A strong cultural connection can be vital in business, especially when it comes to building relationships and establishing trust with partners or clients.
When business owners are looking to engage a vendor for services, there’s usually a pain point or several, that triggers the decision maker to evaluate this area of their business and ultimately find a solution to fill the gap.
Where to start? Most of us will evaluate our budgets, determine what gaps we need to fill, determine a timeline for implementation, and then start the vetting process. As a business owner this can be a tedious process and quite frankly, my least favorite part of the job. However I also know how crucial it is to be part of the vetting process so I make the effort to schedule specific dates/times to focus on this area of my business.
Outside of finding a vendor that can execute and support my business needs, I found that selecting a partner, not just a vendor, that aligns with my business’s cultural values and one that my team and I simply jive with, has lead to longer, more productive and transparent relationships.
For those of us who work the standard 9-5 job, we come home at the end of the day, address any personal matters, then get ready for our traditional Taco Tuesdays or Chicken Florentine Thursdays. Then there are those of us who to take a client to happy hour after work, or stop by the gym before heading home for the day.
My point is we are all human, we all have schedules to adhere to and we come home at the end of the day, chat with our friends, family and in my case sip on a glass or two of my favorite Pinot Noir. In your personal life, odds are you surround yourself with friends that you culturally and socially align with, so why not do the same for your professional sphere?
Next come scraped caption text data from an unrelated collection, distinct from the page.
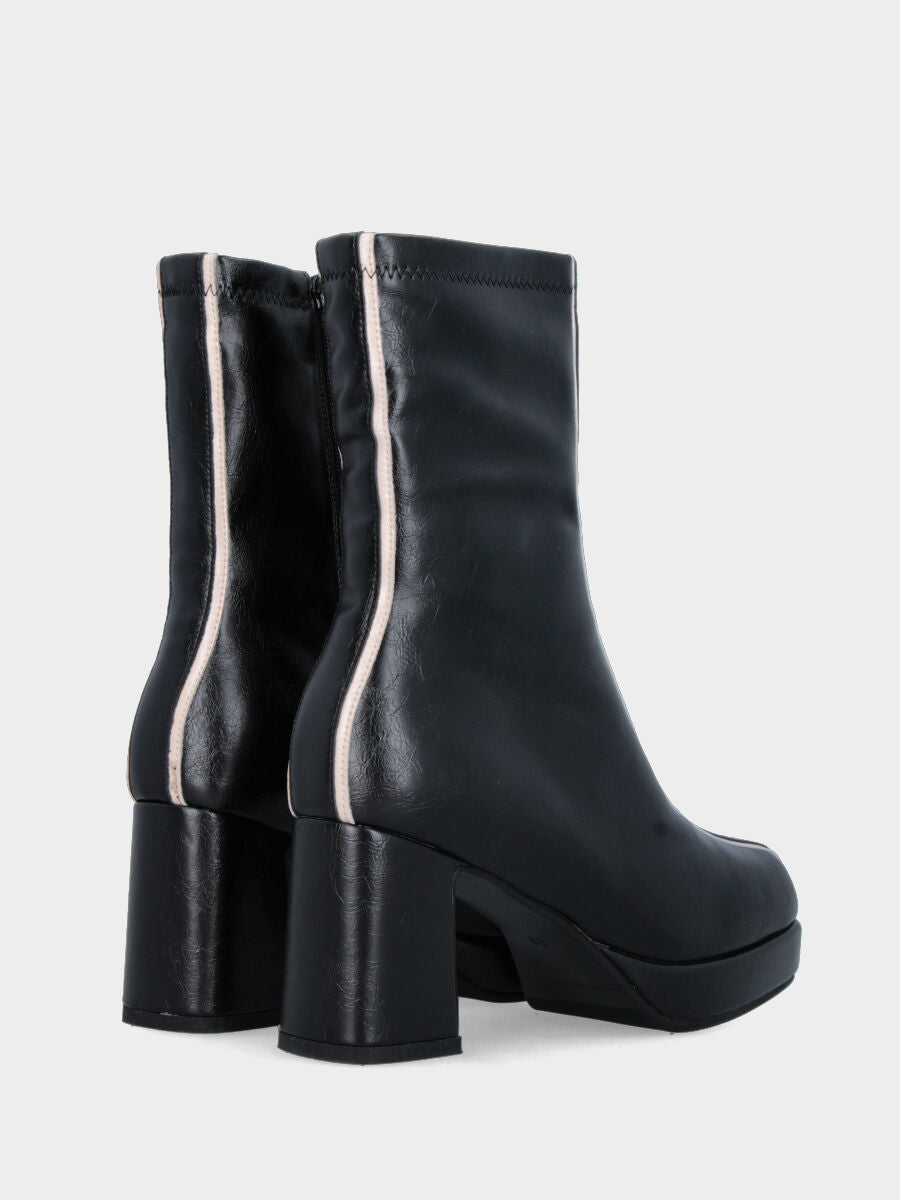 Stivaletto in ecopelle nera con fascia bicolore e plateau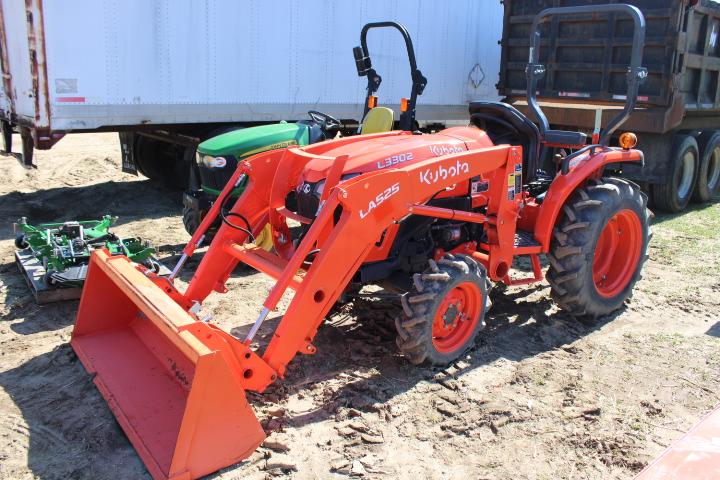 Kubota L3302 4wd Compact Tractor w/ LA525 Loader, ONLY 107 HOURS & REMAININ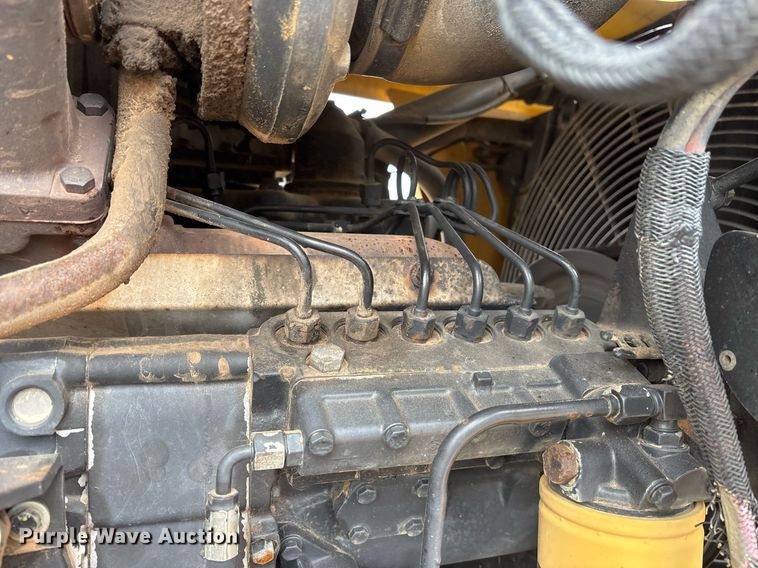 image for item EY9906 1995 Caterpillar Challenger 65C tractor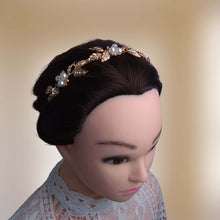 Charger l&#39;image dans la galerie, serre-tête de mariage avec feuilles dorées avec strass et perles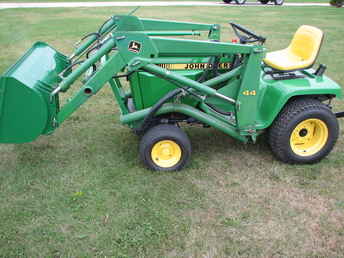 John Deere 44 Loader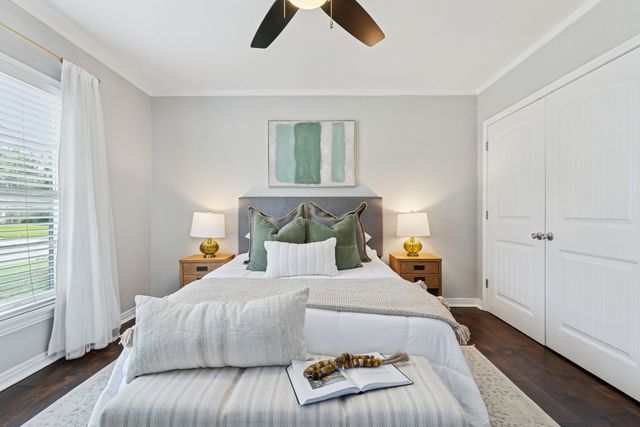3024 5th Avenue, Fort Worth, TX 76110
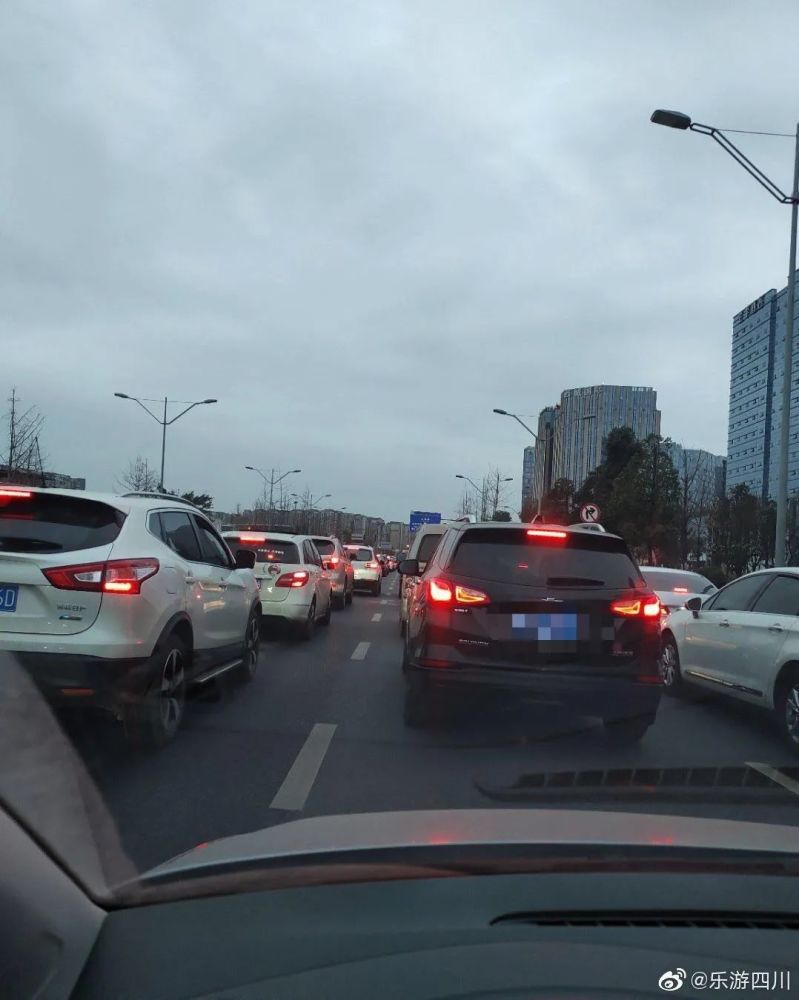 今天,成都大堵车!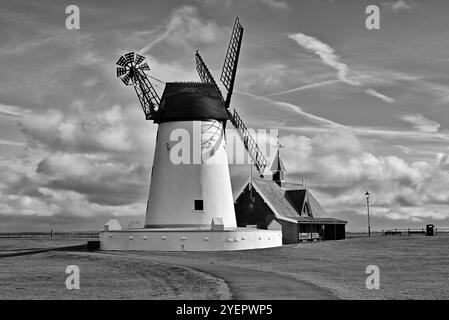In Großbritannien – Schwarzweißbild von Lytham Windmill Stockfoto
I can attest that working with partners and clients that share similar cultural and social values has lead to some of my most valued friendships and bar none the most fruitful professional relationships since my wife and I started Vintage IT. In fact, I give out my personal cell phone number to all of our clients. I let them know they can call me at anytime if my team does not follow through with what was promised when we on-boarded the client. I don’t get many calls, so hopefully that means we are doing something right.
As an example, we have a nonprofit client we have worked with since 2008 and we were chatting about our next company team building event and the client insisted that she host our entire team at her lake house located about 45 minutes outside of the Austin area. Vintage hired a caterer for the event and in between meals, our team took turns wakeboarding and waterskiing. Needless to say, we had a fabulous time.
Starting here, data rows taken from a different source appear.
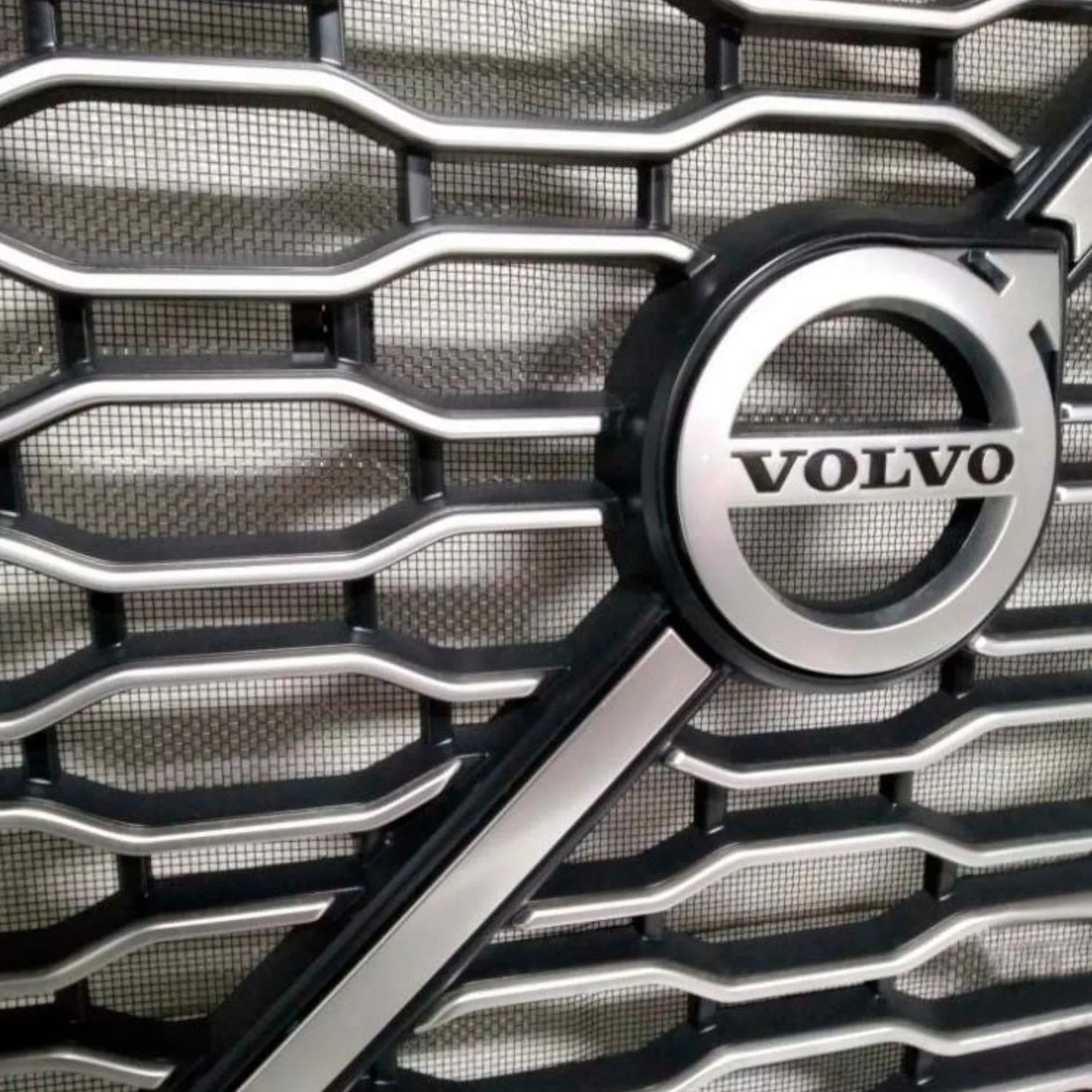 84724157 Genuine Volvo Grating - Truck To Trailer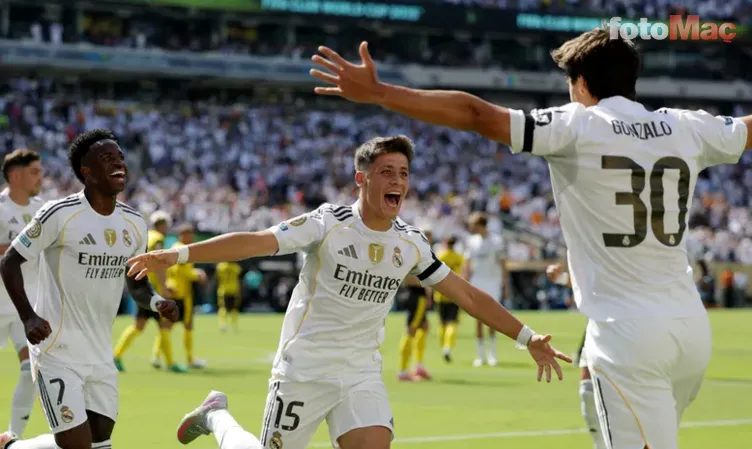Fenerbahçe'ye transferde büyük şok! 40 milyon euro'ya imzalıyor 11 fenerbahceye transferde buyuk sok 40 milyon euroya imzaliyor 9 OE1vc5hK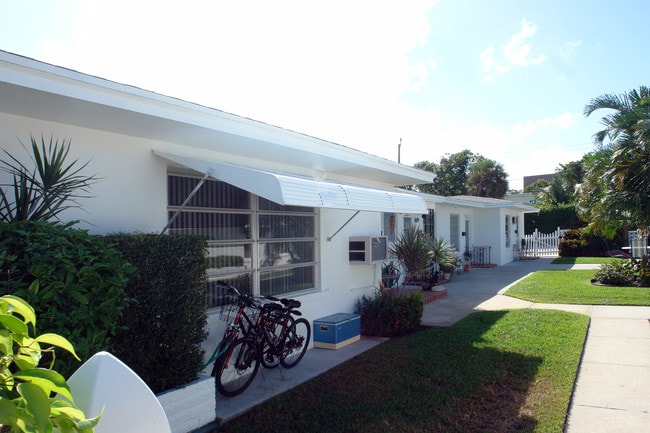 107 S Palmway in Lake Worth, FL - Foto de edificio - Building Photo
I asked my Director of Sales & Marketing what her superpower was since she is the first touch when it comes to prospecting and working with new partners, and this was her response:
“Understanding People. We don’t do business with computers or robots we do business with people. Something that is the full culmination of all I have learned, worked, and lived through, one that rises to the top of all lessons. The most important thing is people and the most important destination is community. We are the singular thread that can bind all experiences with a higher purpose. We are a valuable treasure on this earth, and we must do all we can to love and respect each other for the very short time we are here.”
This is just one example of how our company’s values transcend to the entire team here at Vintage IT Services.
With that said, how do we ensure we are selecting the appropriate partner that aligns with our business’s cultural values?
How do we select a partner that truly cares about our business and when shit hits the fan (pardon me), will be there to solve the problem and clearly communicate as work is underway?
When asking these questions, it’s essential to listen carefully to their responses and follow up with additional questions if necessary. Here are some tips for how to navigate this:
Be transparent: Start by sharing your own company’s values and beliefs and why they are essential to your business. This can help the vendor understand what’s important to you and how they can align with your values.
Do your research: Before engaging with a vendor, research their company’s values, mission statement, and culture. This can give you an idea of whether their values align with yours and help you tailor your questions accordingly.
Follow up with references: If possible, ask the vendor to provide references from other clients they have worked with. This can give you a better sense of how they operate and whether their values align with yours.
Look for red flags: Be mindful of any red flags or warning signs during your conversations with the vendor. If something doesn’t feel right, trust your instincts and keep looking for a vendor/partner whose values align with yours.
In summary, asking the right questions and being transparent about your own values can help you ensure that your vendor/partner’s cultural values align with your business. Do your research, look for red flags before committing to a long-term partnership.